EXERCISE INPUT:

[Start of Attachment]

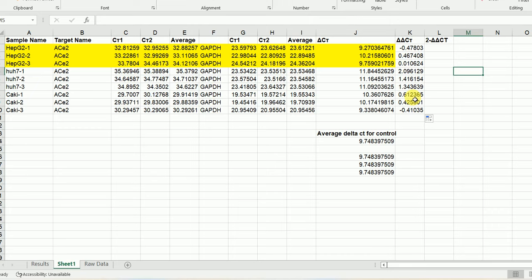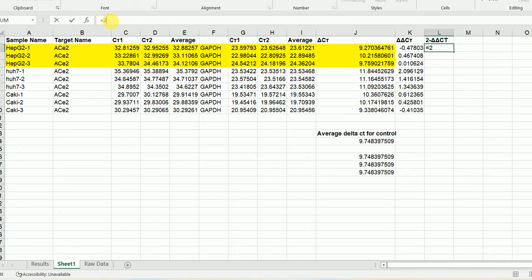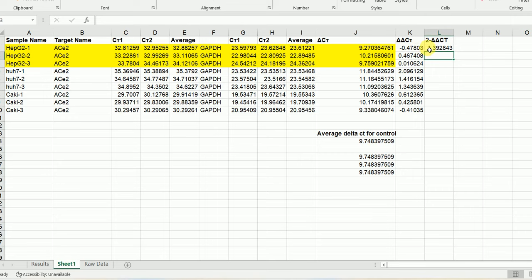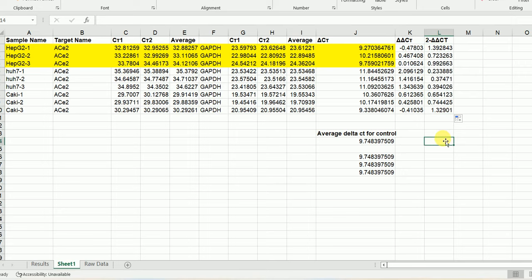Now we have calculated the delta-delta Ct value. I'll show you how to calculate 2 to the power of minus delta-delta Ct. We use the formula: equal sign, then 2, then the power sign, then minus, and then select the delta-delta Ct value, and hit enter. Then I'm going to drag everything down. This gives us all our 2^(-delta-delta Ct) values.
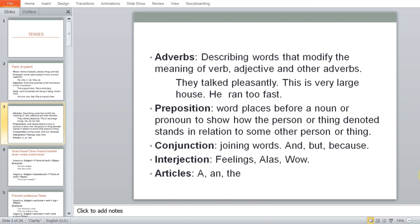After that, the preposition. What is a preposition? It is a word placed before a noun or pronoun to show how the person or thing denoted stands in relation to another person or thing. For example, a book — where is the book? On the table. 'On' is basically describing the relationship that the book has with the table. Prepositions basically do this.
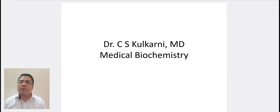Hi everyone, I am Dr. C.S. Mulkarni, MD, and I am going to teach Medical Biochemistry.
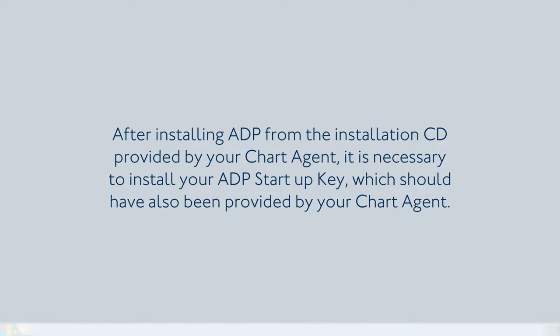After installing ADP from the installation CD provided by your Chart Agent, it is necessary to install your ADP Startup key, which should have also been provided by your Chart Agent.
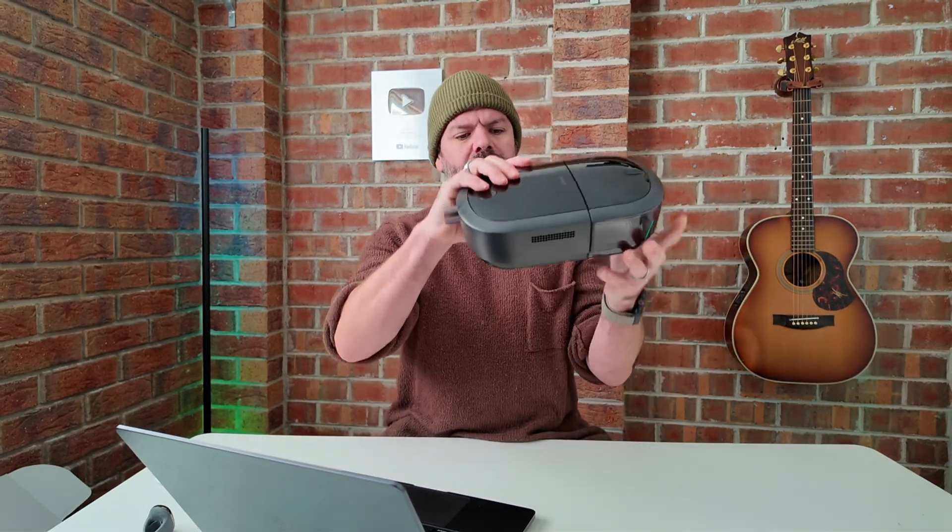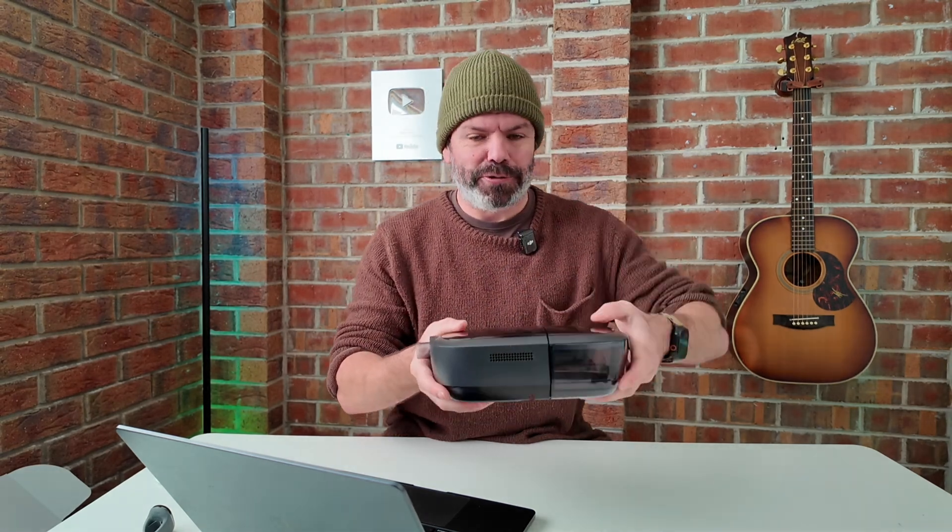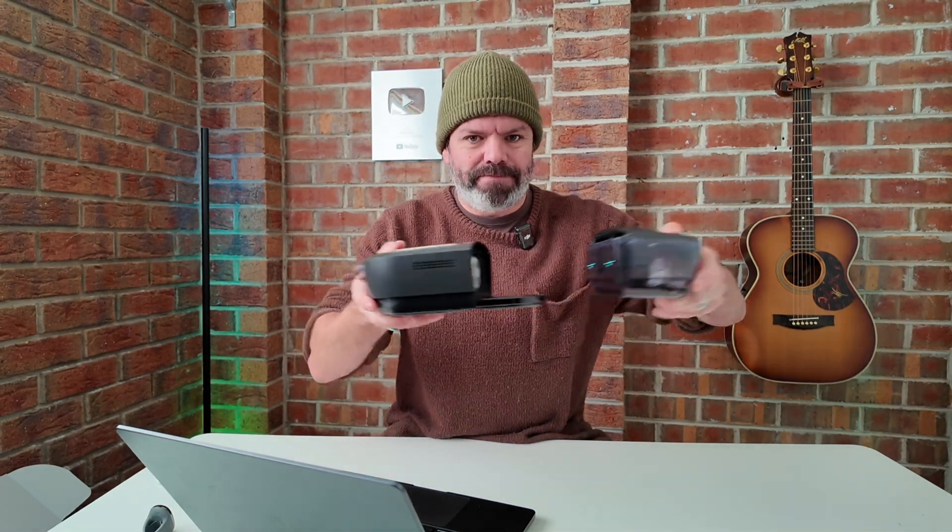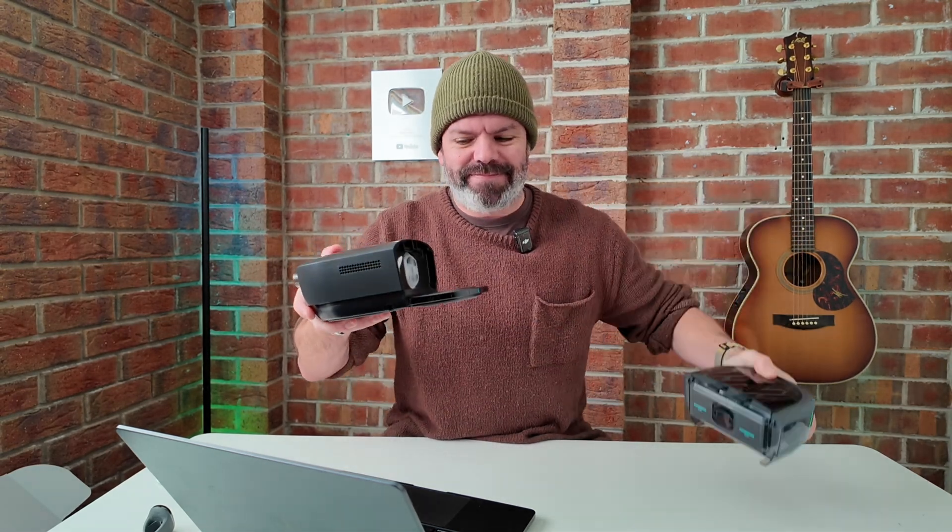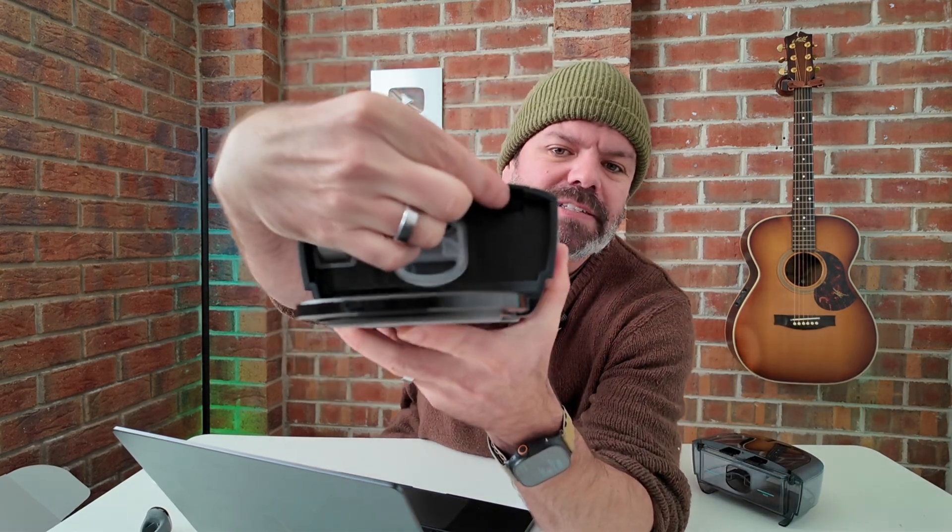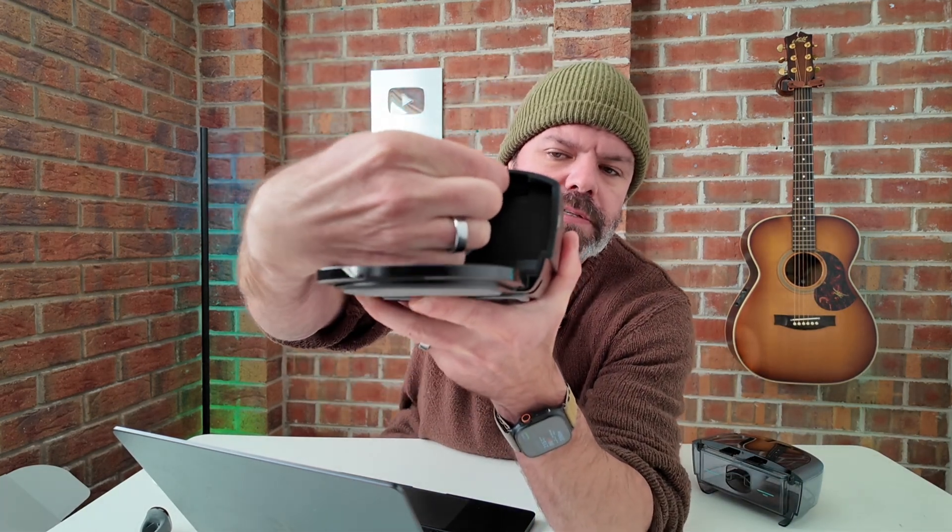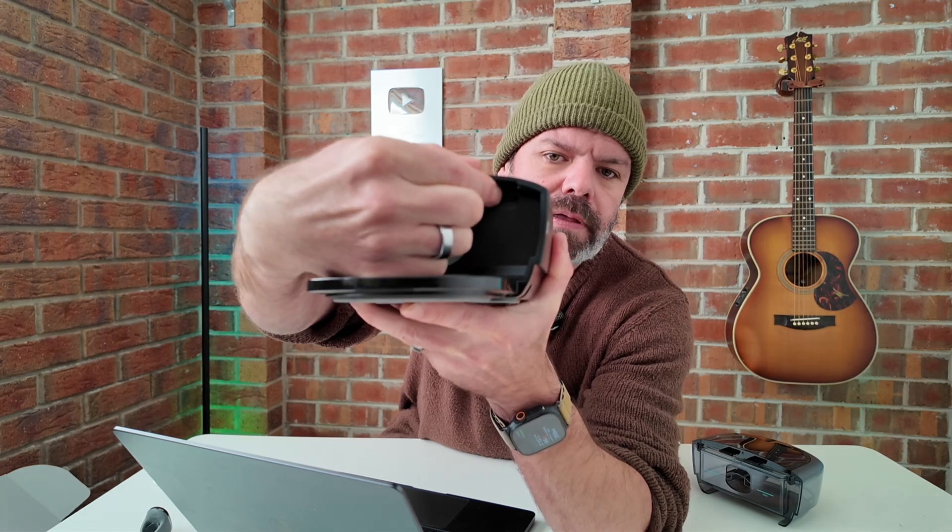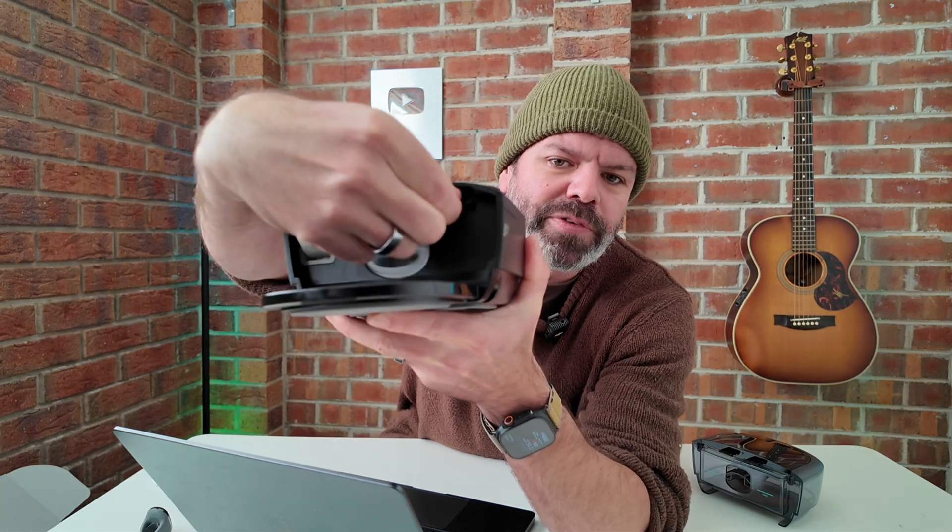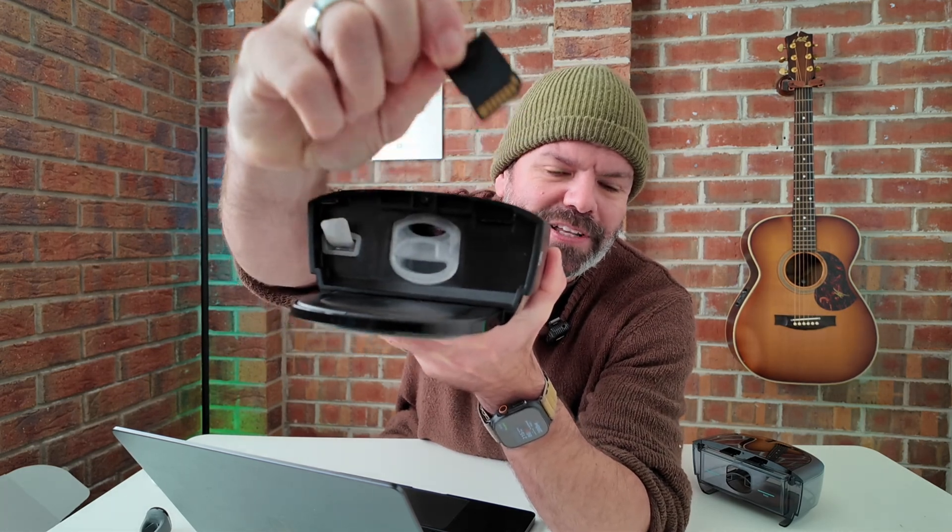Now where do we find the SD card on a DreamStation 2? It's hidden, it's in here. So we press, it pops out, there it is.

[End of Attachment]

HOW TO COMPLETE THIS TASK: Output the full material above exactly, leaving every picture out.

SOLUTION:
Now we have calculated the delta-delta Ct value. I'll show you how to calculate 2 to the power of minus delta-delta Ct. We use the formula: equal sign, then 2, then the power sign, then minus, and then select the delta-delta Ct value, and hit enter. Then I'm going to drag everything down. This gives us all our 2^(-delta-delta Ct) values.
After that, the preposition. What is a preposition? It is a word placed before a noun or pronoun to show how the person or thing denoted stands in relation to another person or thing. For example, a book — where is the book? On the table. 'On' is basically describing the relationship that the book has with the table. Prepositions basically do this.
Hi everyone, I am Dr. C.S. Mulkarni, MD, and I am going to teach Medical Biochemistry.
After installing ADP from the installation CD provided by your Chart Agent, it is necessary to install your ADP Startup key, which should have also been provided by your Chart Agent.
Now where do we find the SD card on a DreamStation 2? It's hidden, it's in here. So we press, it pops out, there it is.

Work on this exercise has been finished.